Por Rostand Medeiros
Bela e
preservada casa do sítio Ponta da Serra, tendo ao fundo uma parte da Serra de
Martins. Mantida em grande parte original é um dos locais mais interessantes
que se mantém preservado no trajeto do ataque do bando de Lampião ao Rio Grande
do Norte – Foto – Rivanildo Alexandrino.
Autor –
Rostand Medeiros
Era uma
sábado, dia 11 de junho de 1927, pelos sertões da região oeste do Rio Grande do
Norte, em meio à mata de caatinga fechada, seguindo por caminhos que
praticamente não eram frequentados por automóveis, uma turba de homens armados
e montados em seus cavalos levantava poeira. Era Lampião que seguia em direção
ao seu objetivo principal – a cidade de Mossoró.
Aquele era o
segundo dia do grupo de cangaceiros em sua jornada avançando em terras
potiguares.
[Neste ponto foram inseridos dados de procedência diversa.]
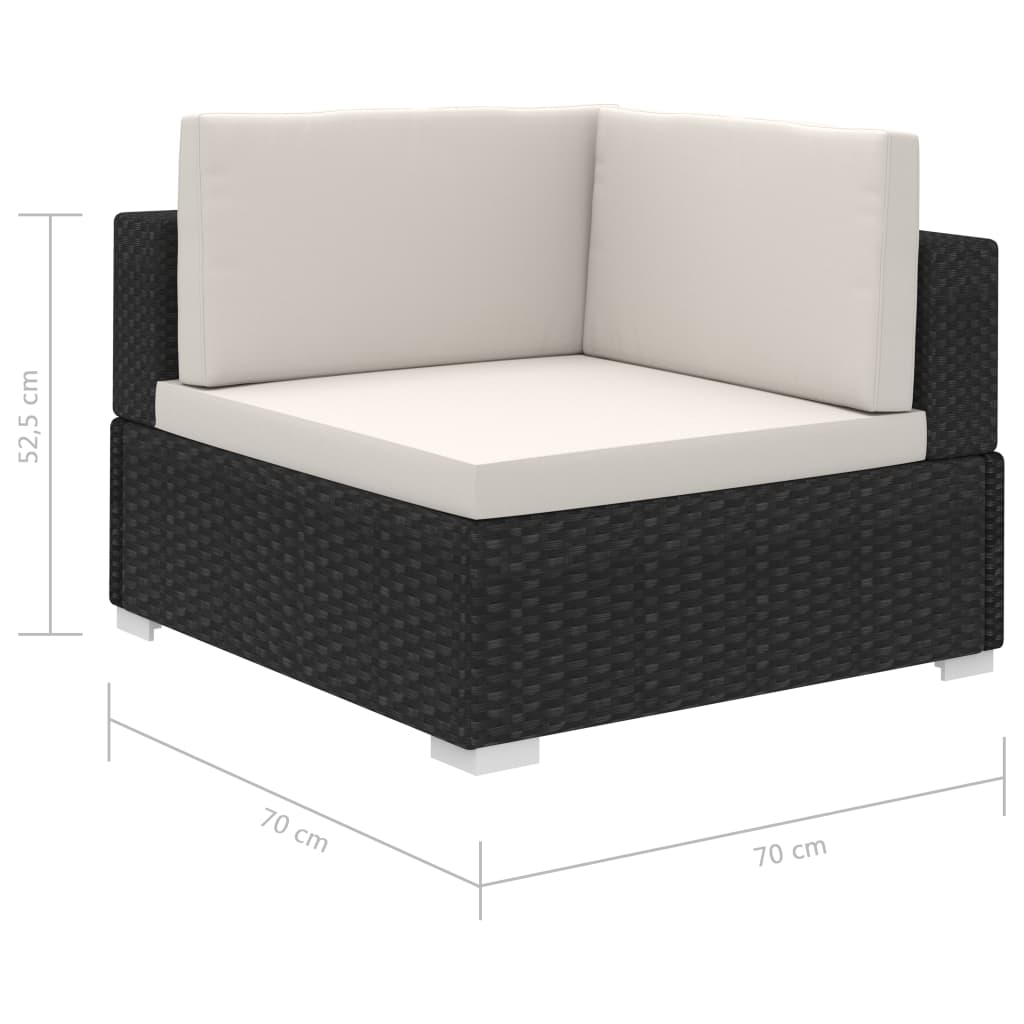 12 pcs conjunto lounge de jardim c/ almofadões vime PE preto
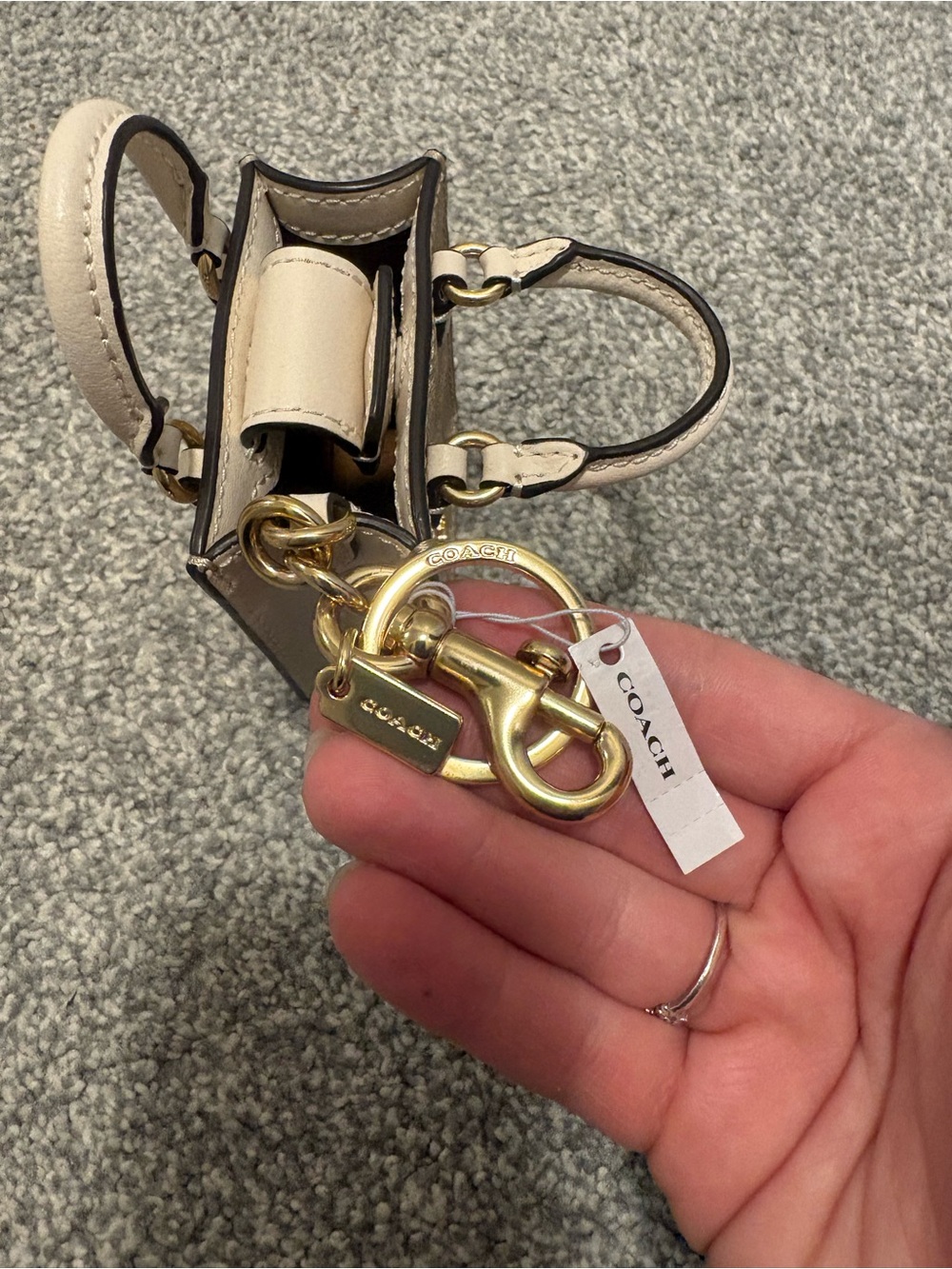 COACH Signature Mini Tote Bag Charm Tan and Cream - Picture 6 of 7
No dia anterior o grupo armado havia travado um combate em um lugar
conhecido como Caiçara, onde fizeram uma guarnição de soldados debandarem,
mataram um valente militar que não negou fogo e ainda atingiu mortalmente o
cangaceiro Azulão. Depois percorreram várias propriedades rurais roubando,
saqueando, depredando, sequestrando pessoas e espalhando uma onde de medo e
terror[1].
Desde 2010 o
autor deste texto percorreu algumas vezes o caminho que os cangaceiros de
Lampião utilizaram para atacar Mossoró. É uma viagem muito interessante.
Rostand
Medeiros defronta à casa do sítio Ponta da Serra, invadida pelos cangaceiros de
Lampião – Foto – Rivanildo Alexandrino.
Muitos dos
locais que testemunharam os fatos não mais existem. Mais em outros pontos as
pessoas preservam tenazmente estes ambientes, quase que teimando para que a
história permaneça viva e fazendo tudo para que aqueles dias estranhos não
sejam esquecidos.
Um destes
locais é o sítio Ponta da Serra.
Buscando o
Caminho dos Cangaceiros
Antes da
chegada de Lampião a Ponta da Serra, baseado no que foi escrito, o último local
visitado foi a propriedade Morada Nova, de Antônio Januário de Aquino.
Naqueles
tempos longínquos, as áreas rurais entre a Morada Nova e a Ponta da Serra
pertenciam respectivamente aos municípios de Pau dos Ferros e Martins, muito
maiores em suas áreas territoriais do que são na atualidade[2].
Mas para
Lampião, guiado pelo bandoleiro Massilon Leite, aquilo pouco importava. O que
importava era encontrar propriedades que valessem a prática do saque e do
roubo. A partir da Morada Nova o bando aponta seu rumo em direção Nordeste, em
direção a uma das mais belas e estruturadas propriedades da região.
Ao percorrer
estes caminhos em pleno século XXI, utilizando GPS, a distância compreendida
entre a Morada Nova e o próximo alvo dos cangaceiros, a Ponta da Serra, ficou
em cerca de nove quilômetros.
Ao percorrer
este caminho que separa as duas propriedades eu encontrei poucas casas onde
poderia conseguir maiores informações e saber o que ficou desta memória.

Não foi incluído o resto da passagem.